Given material:
= = =
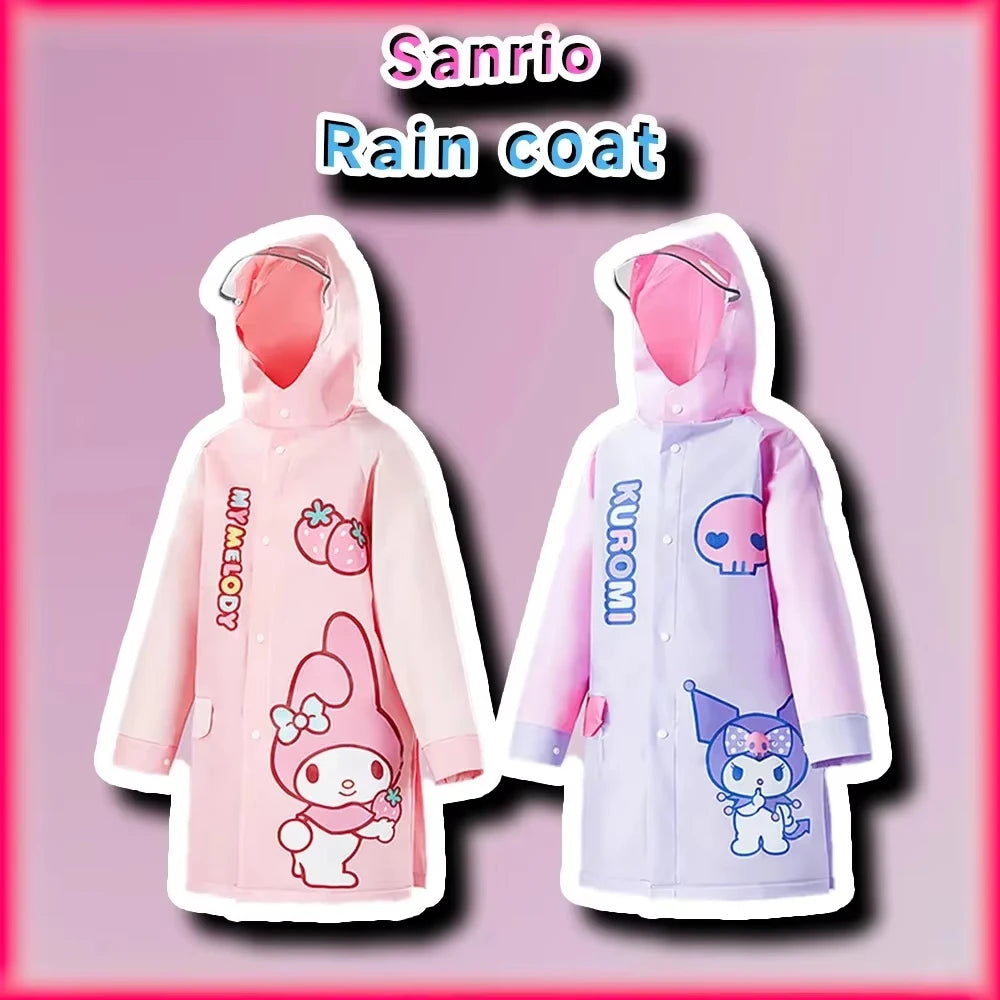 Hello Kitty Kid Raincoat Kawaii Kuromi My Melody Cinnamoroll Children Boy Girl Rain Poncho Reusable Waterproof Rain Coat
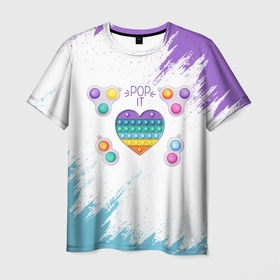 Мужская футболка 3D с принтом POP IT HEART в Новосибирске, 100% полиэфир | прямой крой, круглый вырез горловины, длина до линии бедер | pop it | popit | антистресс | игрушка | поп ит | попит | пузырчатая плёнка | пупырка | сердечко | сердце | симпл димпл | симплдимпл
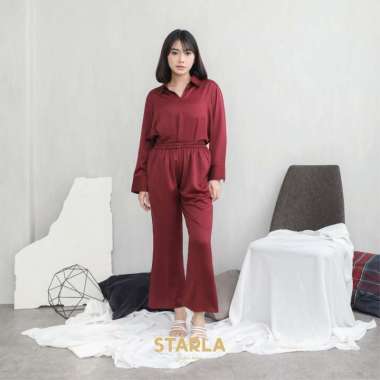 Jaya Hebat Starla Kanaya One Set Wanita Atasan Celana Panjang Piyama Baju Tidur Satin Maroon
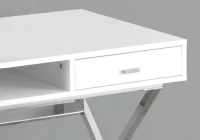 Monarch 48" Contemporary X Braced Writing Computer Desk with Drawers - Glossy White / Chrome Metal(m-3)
= = =
Exercise: Word for word, retype the lines from the one that contains "Мужская футболка 3D" through the final line of the data, both ends included, excluding pictures.

Answer to this task:
 Мужская футболка 3D с принтом POP IT HEART в Новосибирске, 100% полиэфир | прямой крой, круглый вырез горловины, длина до линии бедер | pop it | popit | антистресс | игрушка | поп ит | попит | пузырчатая плёнка | пупырка | сердечко | сердце | симпл димпл | симплдимпл
 Jaya Hebat Starla Kanaya One Set Wanita Atasan Celana Panjang Piyama Baju Tidur Satin Maroon
 Monarch 48" Contemporary X Braced Writing Computer Desk with Drawers - Glossy White / Chrome Metal(m-3)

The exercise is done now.